(Stored items)

§

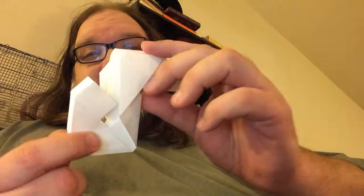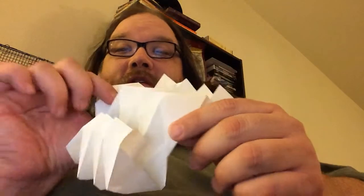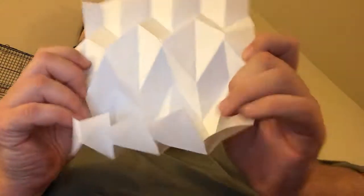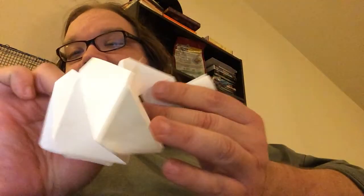This is it — well, this is one way of doing it. This is a full sheet of paper, and it folds up into this. That's all.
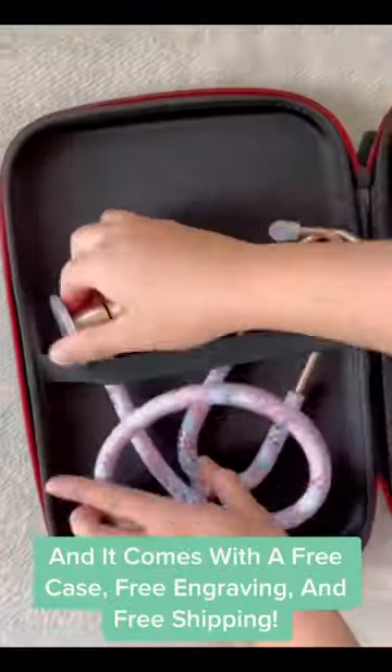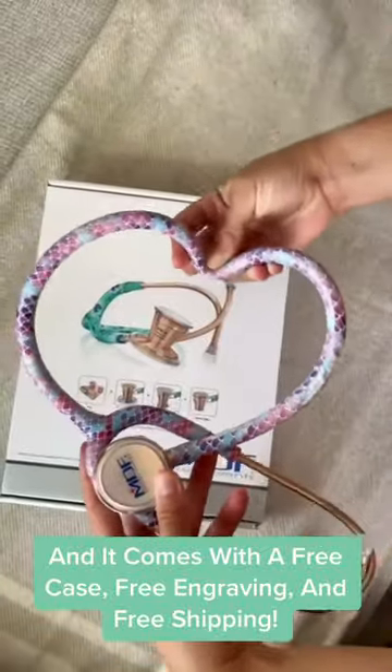And it comes with a free case, free engraving, and free shipping. Shop now!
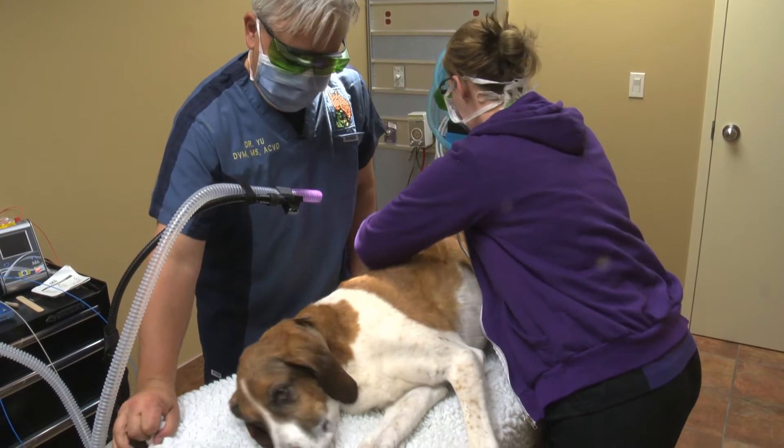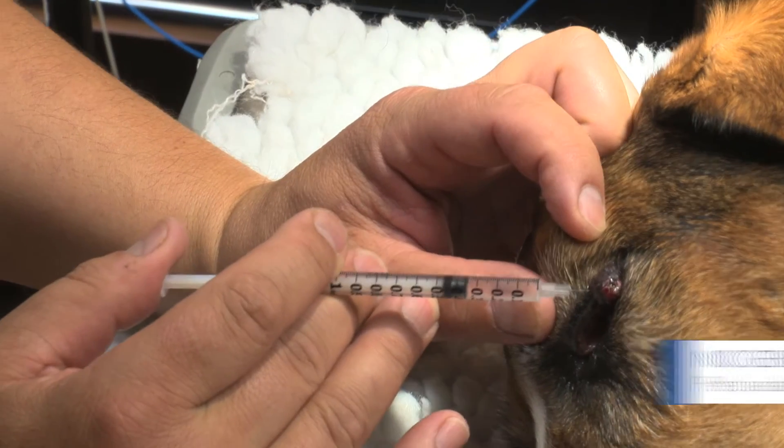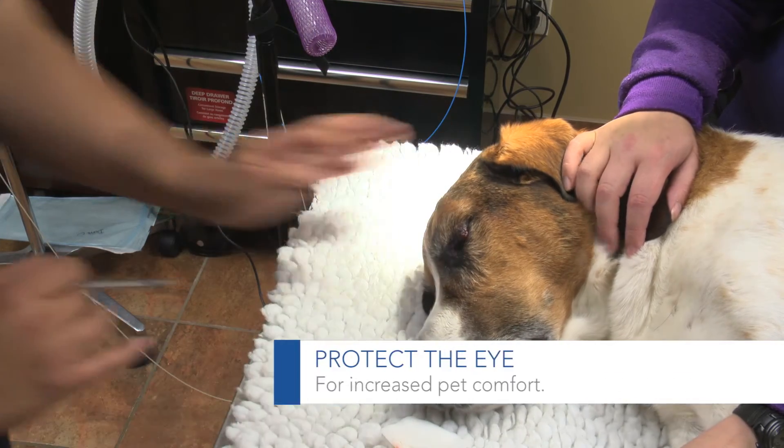We're going to be removing this meibomian gland adenoma off of the eyelid. We're going to inject a little bit of local anesthetic right into this area, just using a 27 gauge needle — a fine needle.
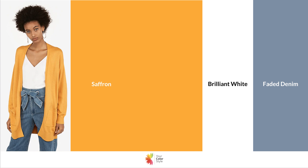In this combination, I've paired saffron yellow with white and faded denim. Faded denim is just a color you're going to see everywhere — it's easy to wear, goes with just about everything, and is very on-trend. I found this photo which is awesome: a beautiful saffron yellow cardigan, a simple white t-shirt, and faded denim pants.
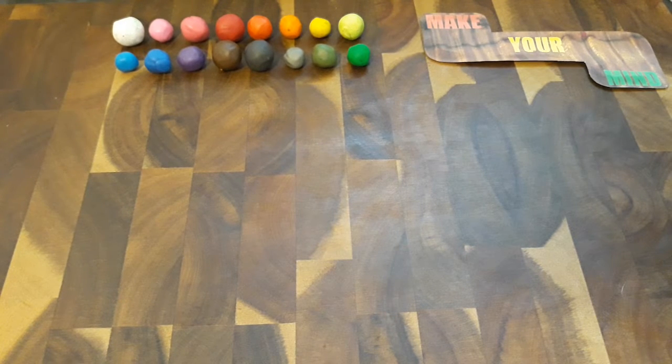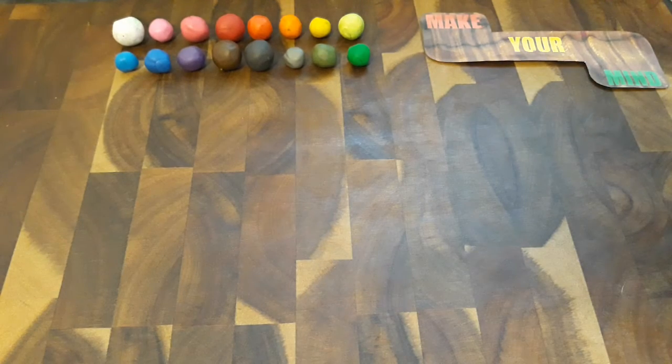Hello and welcome back to Make Your Mind. This is just a quick little showcase video that I made. I took one of my previous scopes that I did on another video — I'll leave a link down to that video in the description below. And I added a little bit to it.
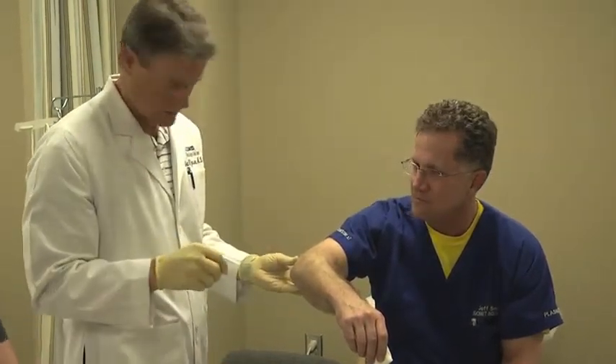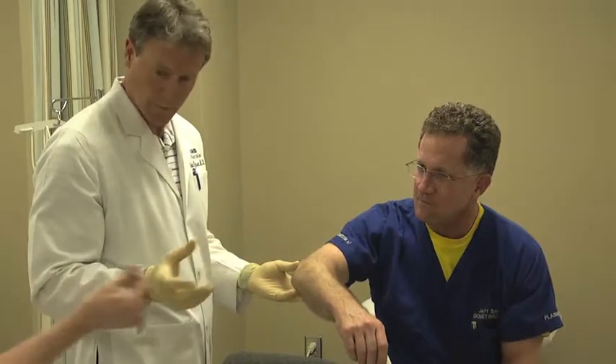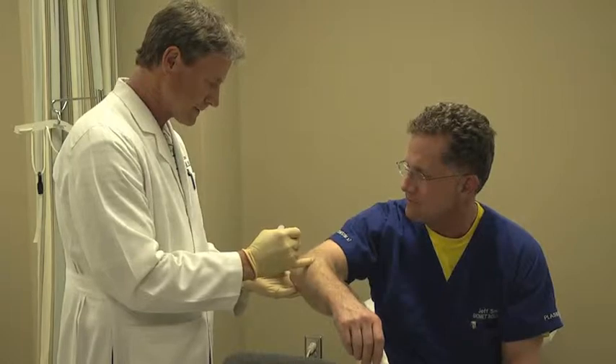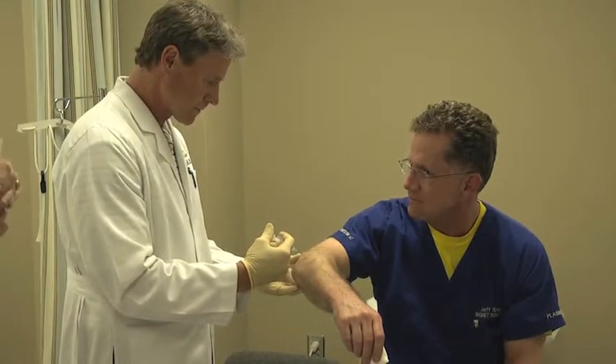We'll then prep the area and clean it, and we'll first inject an anesthetic into the skin, since the injection needle for the PRP is a little bit larger and can be uncomfortable.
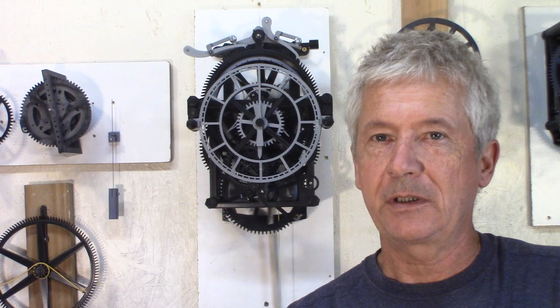From what I've seen, it seems much more precise and a better timekeeper than my clock with the Graham escapement. Stay tuned to see how it goes.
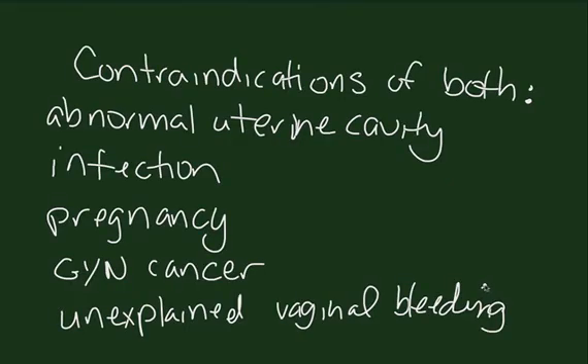Contraindications of the Mirena IUD and ParaGuard include an abnormal uterine cavity, pelvic infection or multiple sexual partners, pregnancy, the possibility of gynecologic cancer, and unexplained vaginal bleeding.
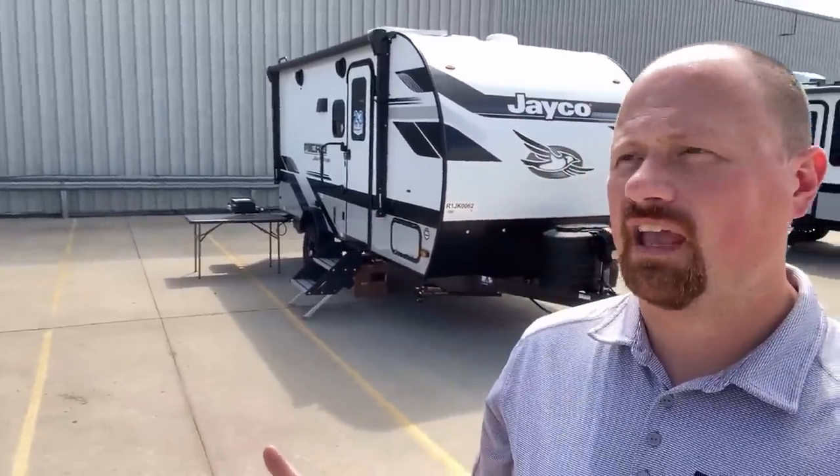What if I want to take my family camping, but I don't have a monster truck, and I don't want something entry-level? Stay tuned — I got something you're going to like.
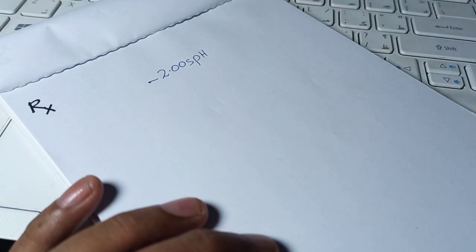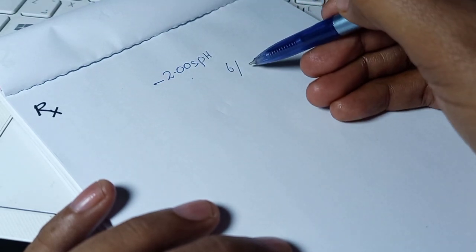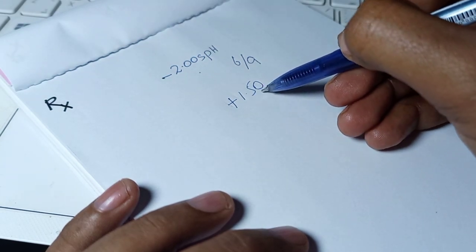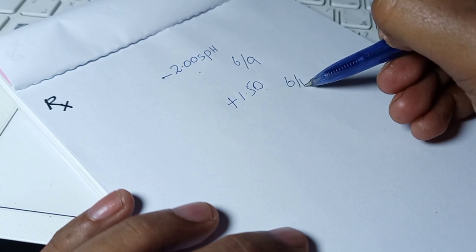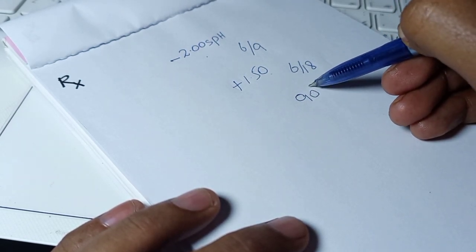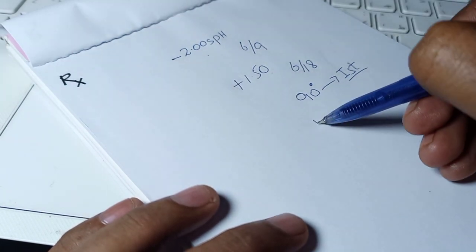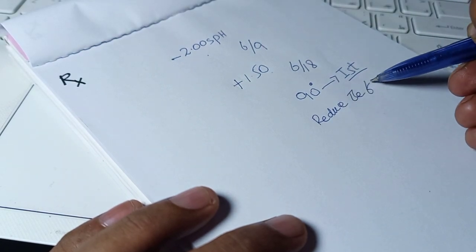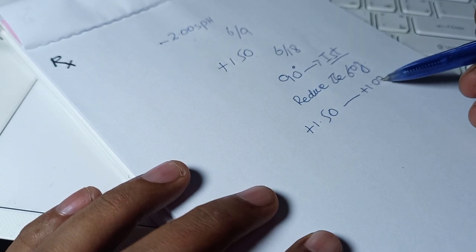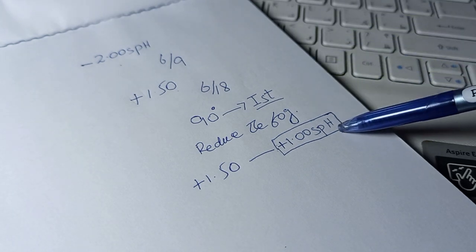Now let us review the written explanation. The best vision sphere of our patient was minus 2 spherical, and the visual acuity with the best vision sphere was 6 by 9. We then added a fogging lens of plus 1.50, which reduced visual acuity to 6 by 18. The axis of the stenopic slit was 90 degrees — our first principal meridian. We then reduced the fog from plus 1.50 to plus 1.00 spherical. So at the first principal meridian, our residual fog was plus 1.00.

§

Work order:
Please write out exactly the lines from the one containing "We'll then prep" through the last line of the records above, and leave out any pictures.

Output below:
We'll then prep the area and clean it, and we'll first inject an anesthetic into the skin, since the injection needle for the PRP is a little bit larger and can be uncomfortable.
From what I've seen, it seems much more precise and a better timekeeper than my clock with the Graham escapement. Stay tuned to see how it goes.
Contraindications of the Mirena IUD and ParaGuard include an abnormal uterine cavity, pelvic infection or multiple sexual partners, pregnancy, the possibility of gynecologic cancer, and unexplained vaginal bleeding.
What if I want to take my family camping, but I don't have a monster truck, and I don't want something entry-level? Stay tuned — I got something you're going to like.
Now let us review the written explanation. The best vision sphere of our patient was minus 2 spherical, and the visual acuity with the best vision sphere was 6 by 9. We then added a fogging lens of plus 1.50, which reduced visual acuity to 6 by 18. The axis of the stenopic slit was 90 degrees — our first principal meridian. We then reduced the fog from plus 1.50 to plus 1.00 spherical. So at the first principal meridian, our residual fog was plus 1.00.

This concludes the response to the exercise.